Understanding how plants perceive environmental challenges and process the signals to generate adaptive responses is a central goal of plant research to improve crop yields under numerous abiotic or biotic stresses.  I hope to address aspects of this problem by elucidating versatile roles of the mitogen-activated protein kinase (MAPK) cascade in stress, immunity, growth, and development. The MAPK cascade represents the most universal and essential signaling module from plants to humans. In Arabidopsis, among the 20 members of the MPK family (the last tier of the cascade), MPK4 and MPK3/6 govern a wide range of cellular programs in stress and immune responses as well as in growth and development. Studies with genetic mpk mutants where kinase activity is non-existent from the zygote stage, possess experimental limitations or offer contradictory findings that are difficult to explain. For example, mpk4 is severely dwarfed from the cytokinesis defect and abnormal activation of immunity, and the mpk3mpk6 double mutant is lethal in early embryogenesis (Fig. 1a). Therefore, our knowledge about definitive and precise roles of MAPKs in specific signaling pathways has been limited for the last two decades. 

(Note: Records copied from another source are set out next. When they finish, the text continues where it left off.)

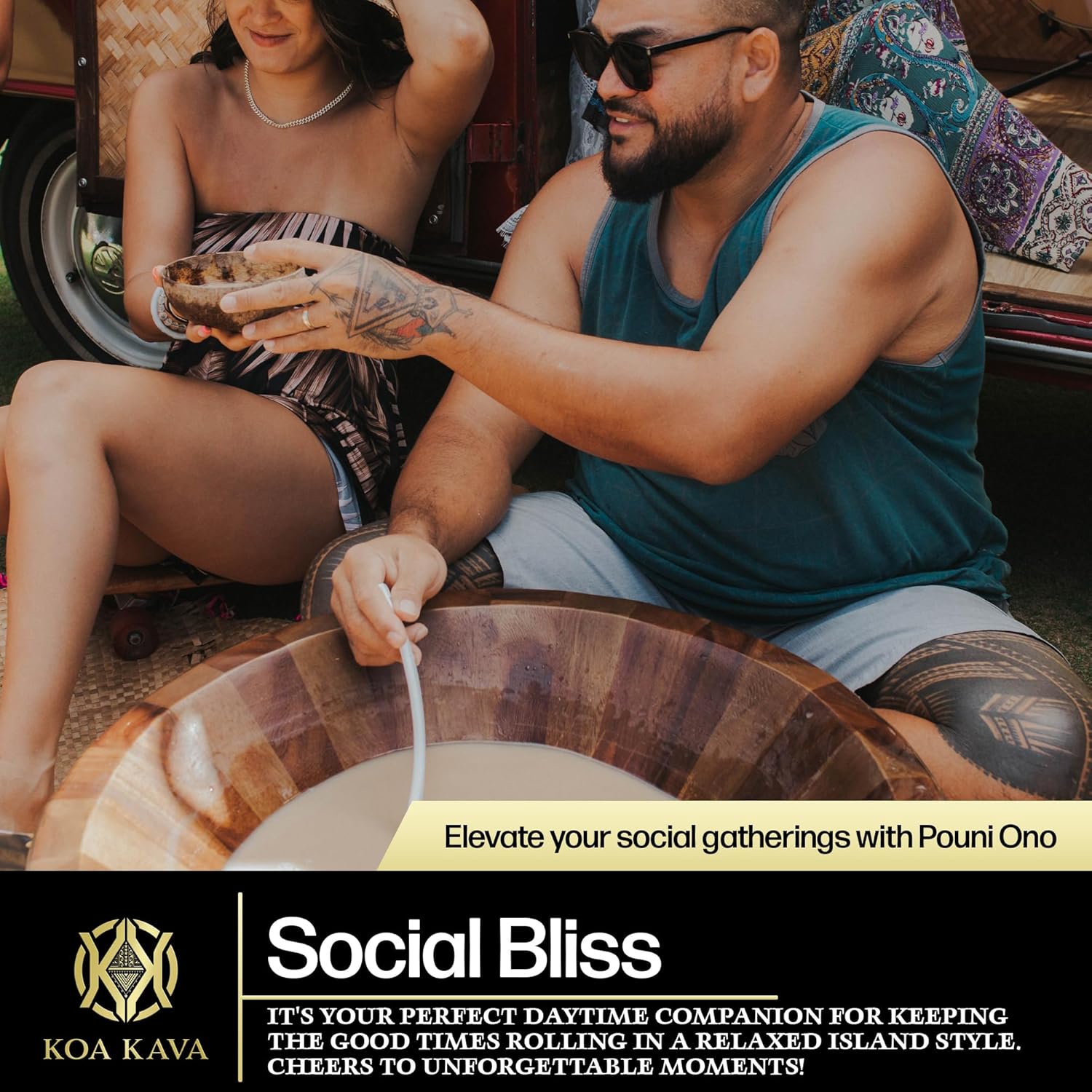 1 lb Vanuatu Koa Kava with 8 oz Tongan Kava - Bundle Deal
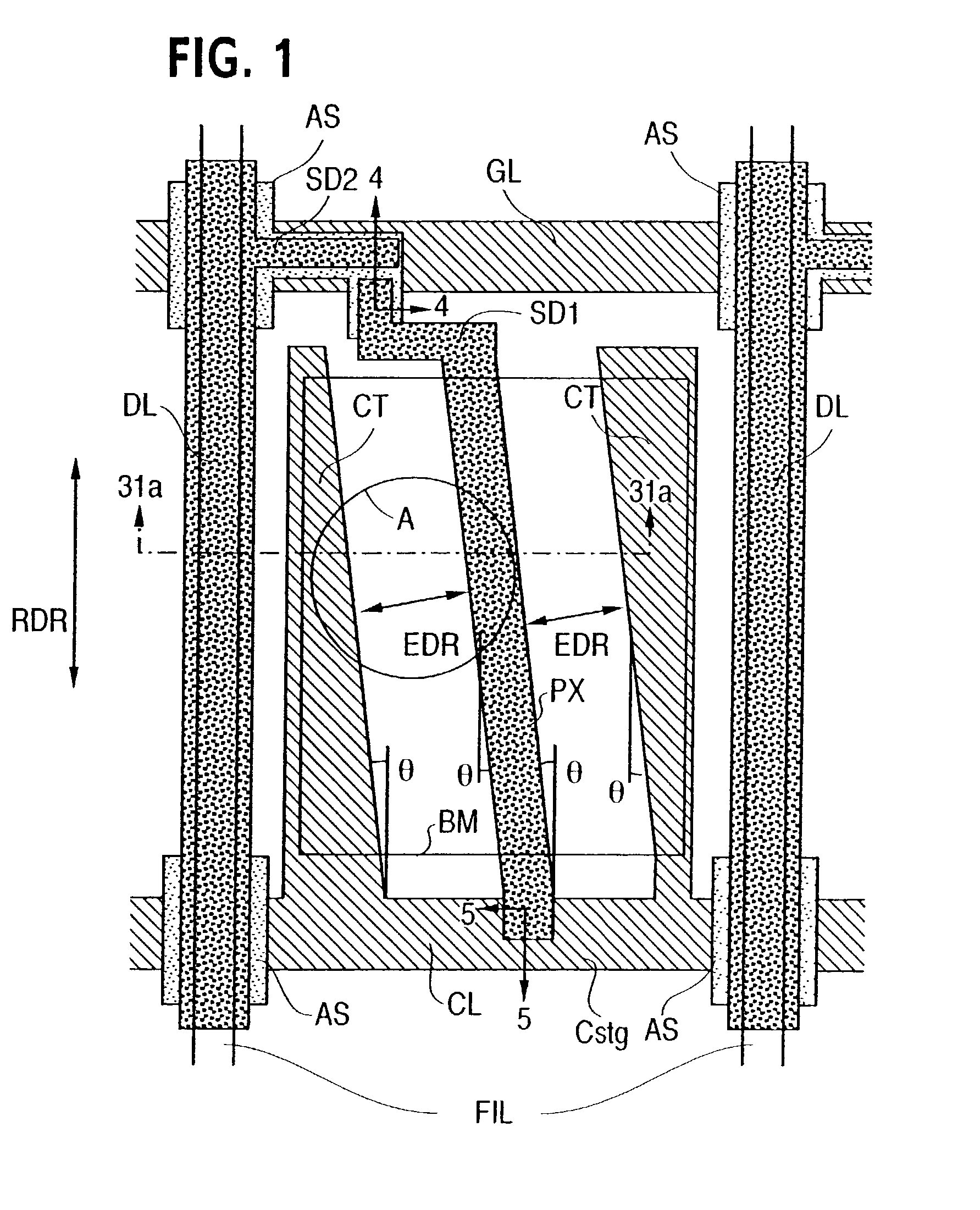 In-plane field type liquid crystal display device comprising liquid crystal molecules with more than two kinds of reorientation directions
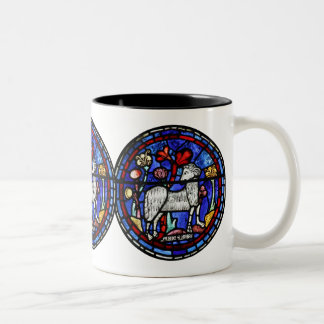 Årer Astrology Gothic Stached Glass Windows Mugg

Advances in structure-guided design of ATP analogs have provided the potency and selectivity of chemical inhibitors to dissect protein kinase signaling pathways. During my research as a postdoctoral fellow and as an assistant faculty member, I established a versatile and robust plant platform to deconvolute the complexity and multifaceted functions of the core MAPKs as central signaling hubs. The engineered MAPK system where in vivo MAPK activity can be immediately inhibited by administering the ATP analog 3MBiP, provides a powerful tool to dissect specific signaling pathways at any developmental stage. (Fig 1b-e). By integrating chemical genetics, genomics, network and systems analyses, I determined 1) the distinctive profiles of combinatorial MAPK activation dynamics and MAPK target transcriptomes for diverse stimuli, 2) the core MAPK network responsible for shared stress and immune responses, 3) genome-wide MPK4 and MPK3/6 target genes in six categories of primary immune transcriptional programs, and 4) dynamic interplay between MPK4 and MPK3/6 in the regulation of primary immunity. Furthermore, by systematically calibrating 3MBiP concentrations and examining the time- and dose-based perturbations of in vivo MAPK activity, I discovered the precise range of threshold activities for both MPK4 and MPK3/6 in regulating six different cellular programs (Fig 1f and 1g). The findings provide biological and mechanistic explanations for how MPK4 differentially modulate signal-triggered immunity, autoimmunity as well as cytokinesis; and how MPK3/6 distinguish immunity, shoot epidermal cell patterning, and stem-cell reprogramming in the root meristem.

Numerous new findings from my previous and current research will serve as a platform for the future research as an independent principal investigator in department of Plant Biochemistry of Ghent University Global Campus. My long-term research goal is to understand fundamental molecular mechanisms in stimuli sensing and signaling that regulates growth and adaptation to stress in plants, and to develop practical means to advance plant biotechnology and improve crop productivity in agriculture.  My short-term research plans are 1) to further elucidate the molecular mechanisms in microbe-associated molecular patterns (MAMP)-MAPK signal transduction in plants and identify novel factors associated with MAPK activity to enhance plant immunity, and 2) to understand fundamental mechanisms of plant post-embryonic development by dissecting signaling processes for stem cell regulation and cell type patterning governed by MPK3/6 and, cytokinesis by MPK4. To achieve these goals, I will take full advantage of chemical genetics approach integrated with a classic genetic approach, cutting-edge techniques of genomics, cell biology, biochemistry, and systems biology.